What you will do >> The answer must be an exact copy of the lines from the one with "新品未使用　Juemi ニット　ブラウン JUEMI（ブラウン/茶色系）のフリマアイテム一覧" through the final line below, with no pictures and nothing else.

***** Provided data *****

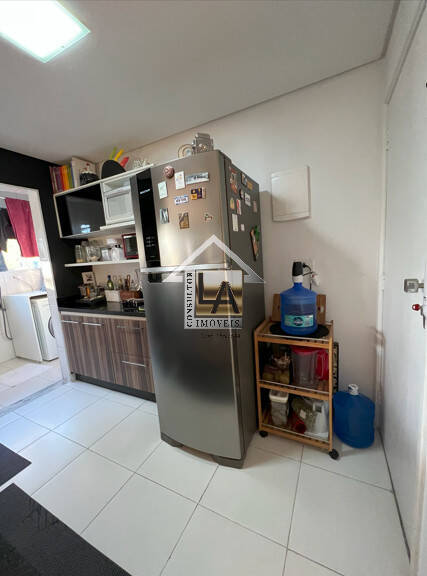 Apartamento à venda com 2 quartos, 85m² - Foto 20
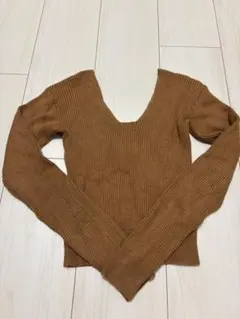 新品未使用　Juemi ニット　ブラウン JUEMI（ブラウン/茶色系）のフリマアイテム一覧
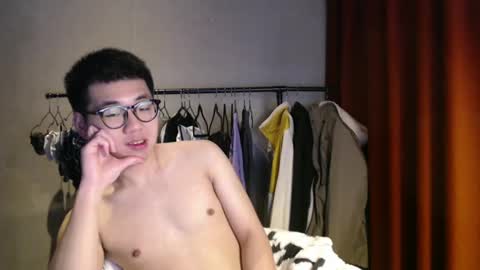 Snapshot of handsome_mannn chatting on January 9, 8:33 pm handsome_mannn online show from January 9, 8:33 pm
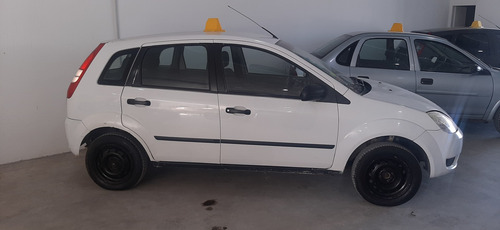 Imagen 12 de 17 de Ford Fiesta Energy 1.6 2004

*****

The completed task >>
 新品未使用　Juemi ニット　ブラウン JUEMI（ブラウン/茶色系）のフリマアイテム一覧
 Snapshot of handsome_mannn chatting on January 9, 8:33 pm handsome_mannn online show from January 9, 8:33 pm
 Imagen 12 de 17 de Ford Fiesta Energy 1.6 2004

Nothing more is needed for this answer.